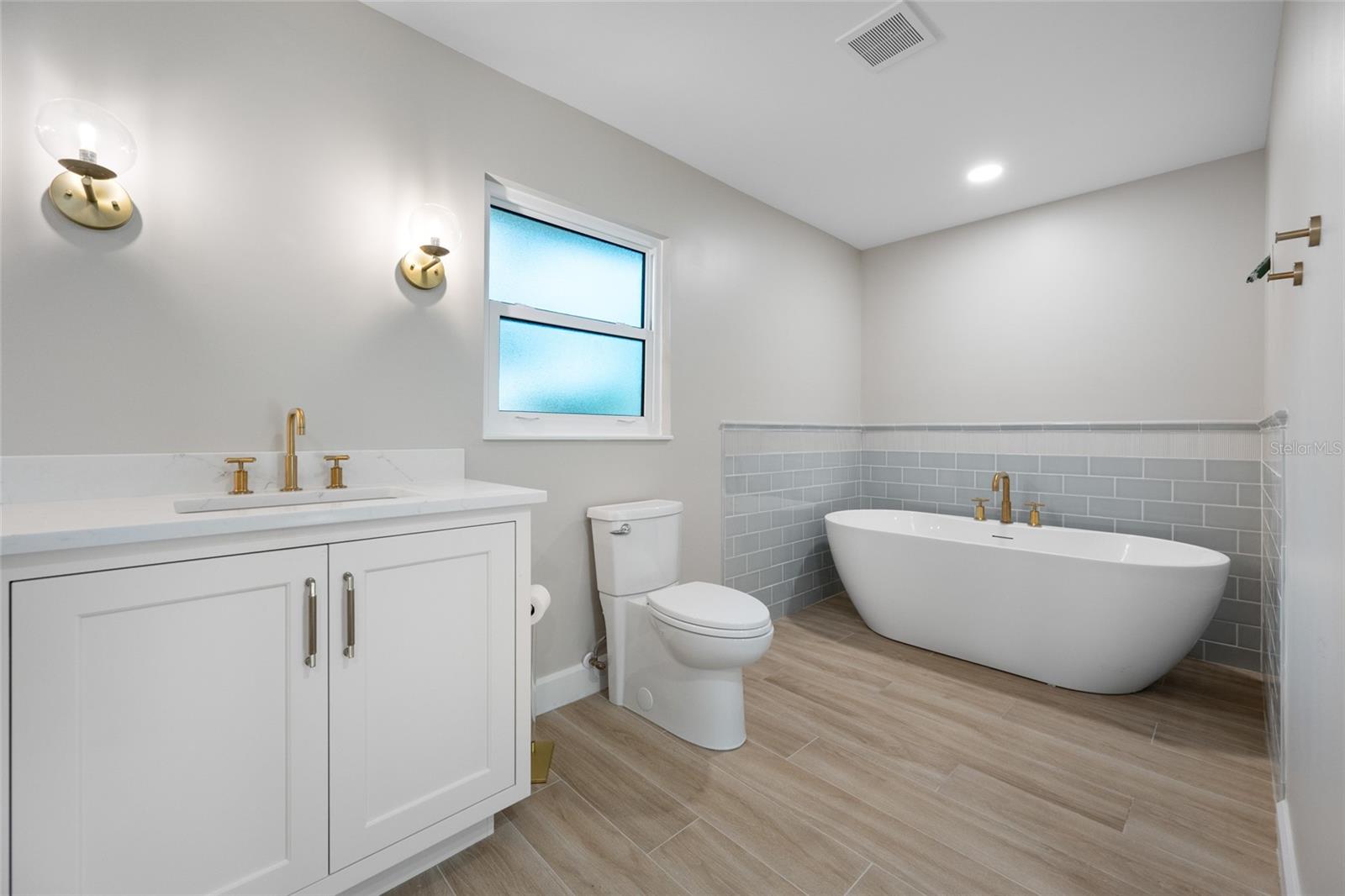 Image 39 of 75 For 6331 4th Palm Point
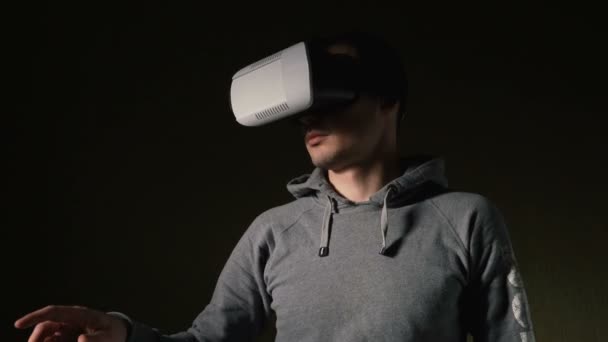 Hombre con auriculares de realidad virtual en la sala de estar . — Vídeos de Stock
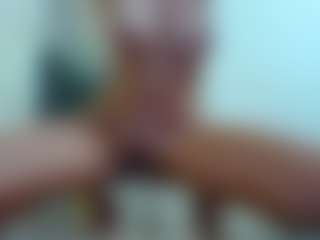 gigisquirter's Live Sex Cam Show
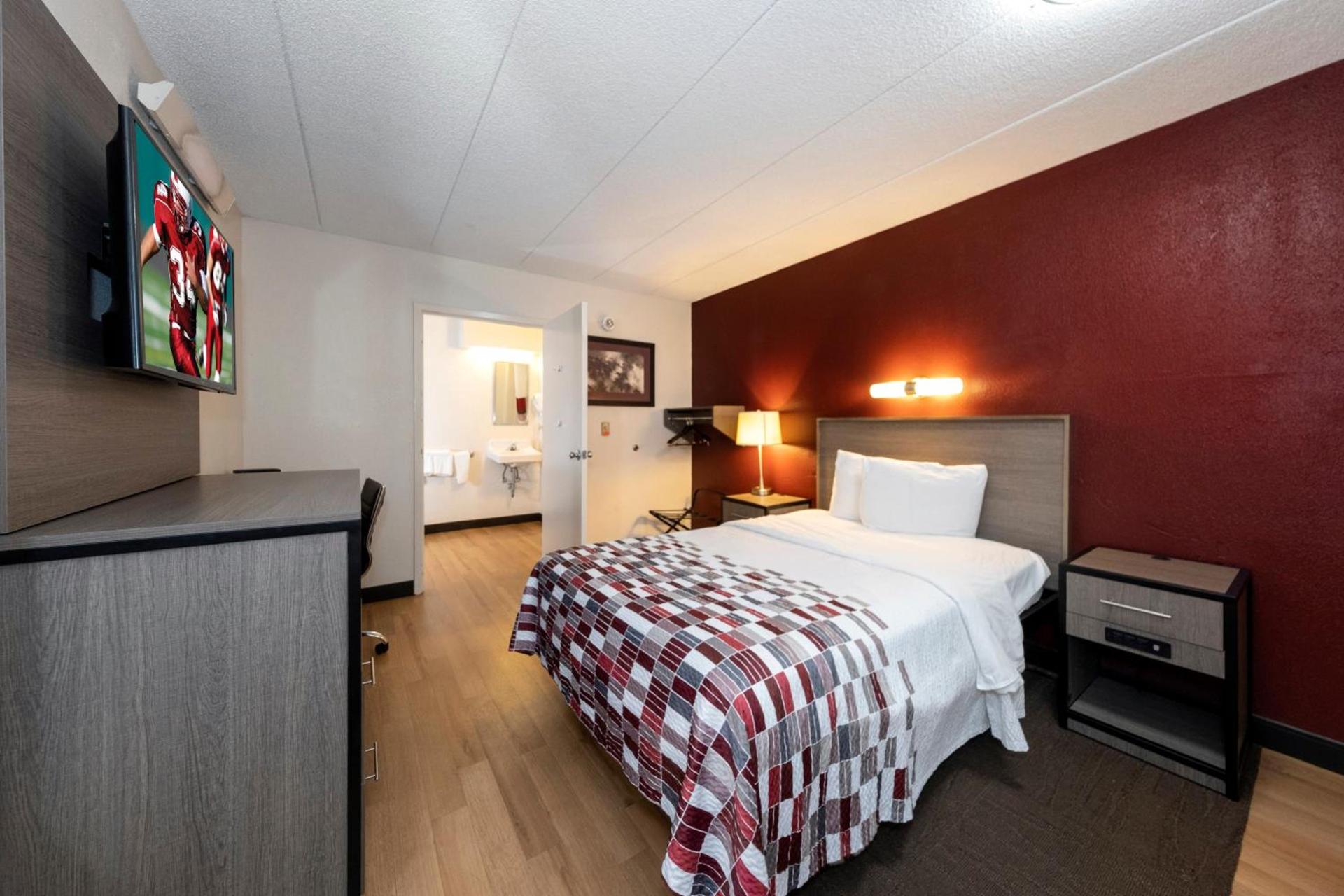 Red Roof Inn Tinton Falls-Jersey Shore photo 20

__Assignment__
From the line containing "Hombre con auriculares" through the last line of the data above, write out every line word for word, and nothing else. Do not include the pictures.

__Reply to the task__
 Hombre con auriculares de realidad virtual en la sala de estar . — Vídeos de Stock
 gigisquirter's Live Sex Cam Show
 Red Roof Inn Tinton Falls-Jersey Shore photo 20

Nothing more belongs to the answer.